(Input material begins)

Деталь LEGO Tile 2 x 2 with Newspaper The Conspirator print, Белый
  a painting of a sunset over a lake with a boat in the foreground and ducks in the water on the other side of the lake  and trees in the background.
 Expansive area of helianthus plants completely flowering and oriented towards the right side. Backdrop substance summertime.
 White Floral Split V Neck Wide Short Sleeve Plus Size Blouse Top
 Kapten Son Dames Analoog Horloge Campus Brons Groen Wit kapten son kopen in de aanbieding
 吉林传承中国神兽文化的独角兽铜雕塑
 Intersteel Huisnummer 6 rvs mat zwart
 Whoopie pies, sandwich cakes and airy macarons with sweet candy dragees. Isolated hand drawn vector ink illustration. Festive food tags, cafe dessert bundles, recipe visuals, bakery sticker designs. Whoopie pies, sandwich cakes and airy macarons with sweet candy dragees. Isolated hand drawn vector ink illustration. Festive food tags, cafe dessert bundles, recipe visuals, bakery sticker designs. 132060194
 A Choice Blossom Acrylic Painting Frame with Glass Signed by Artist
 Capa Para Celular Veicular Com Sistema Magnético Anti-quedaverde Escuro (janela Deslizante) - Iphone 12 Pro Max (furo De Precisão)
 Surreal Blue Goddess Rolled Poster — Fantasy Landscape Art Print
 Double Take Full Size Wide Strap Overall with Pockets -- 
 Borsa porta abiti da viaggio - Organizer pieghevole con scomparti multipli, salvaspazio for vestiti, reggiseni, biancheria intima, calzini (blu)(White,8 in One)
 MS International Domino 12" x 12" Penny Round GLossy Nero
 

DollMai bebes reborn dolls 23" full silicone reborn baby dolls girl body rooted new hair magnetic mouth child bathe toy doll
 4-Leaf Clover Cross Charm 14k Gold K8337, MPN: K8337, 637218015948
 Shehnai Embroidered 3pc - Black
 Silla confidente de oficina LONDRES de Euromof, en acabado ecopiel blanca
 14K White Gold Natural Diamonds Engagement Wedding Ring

(Input material ends)

**Try it**
In the entries above, restate word for word the lines between the one holding "吉林传承中国神兽文化的独角兽铜雕塑" and the one holding "Intersteel Huisnummer 6 rvs mat zwart", inclusive, and nothing besides.

**Answer for the task**
 吉林传承中国神兽文化的独角兽铜雕塑
 Intersteel Huisnummer 6 rvs mat zwart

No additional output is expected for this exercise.